Fertilizer has failed to boost yields because it causes the fragile plants to collapse. Cornell-led research, funded by the McKnight Foundation, is the first attempt to understand and improve the cultivation of this relatively unknown grain through genetic mapping and modification.

Scholars in the College of Human Ecology are merging nanotechnology with textiles to develop filters that could protect against such harmful bacteria and viruses as the avian flu. Others in the college are working in Bangladesh to ameliorate that country's appalling level of infant and maternal malnutrition.

Closer to home, Cornell Law School's Death Penalty Project provides representation for defendants in capital cases. City and regional planners in the College of Architecture, Art and Planning are heading efforts to restore New Orleans neighborhoods decimated by Hurricane Katrina.

Enhancing and sustaining this kind of academic preparation is what our campaign is about. Gifts to Cornell will make much more possible within the individual colleges and, increasingly, in complex projects that call upon the skills of experts across fields.

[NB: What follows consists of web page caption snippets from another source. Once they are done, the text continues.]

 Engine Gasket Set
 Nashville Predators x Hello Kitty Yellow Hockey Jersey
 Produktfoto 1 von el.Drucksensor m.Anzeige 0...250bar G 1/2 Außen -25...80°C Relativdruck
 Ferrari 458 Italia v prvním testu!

In recent months, we have seen two $15 million gifts -- one to establish the Appel Institute for Alzheimer's Research at Weill Cornell Medical College and another to fund the Institute for Hospitality Entrepreneurship at the Hotel School. Both hold enormous potential to benefit society, the former through better health and the latter through increased economic opportunity.

The Campaign for Cornell will solidify this university's ability to lead in one of its most important endeavors: Service to humanity, driven by the development and dissemination of useful knowledge. Or as Ezra Cornell would have put it: "Any person ... any study."

Bryce T. Hoffman is a writer for Cornell's Alumni Affairs and Development.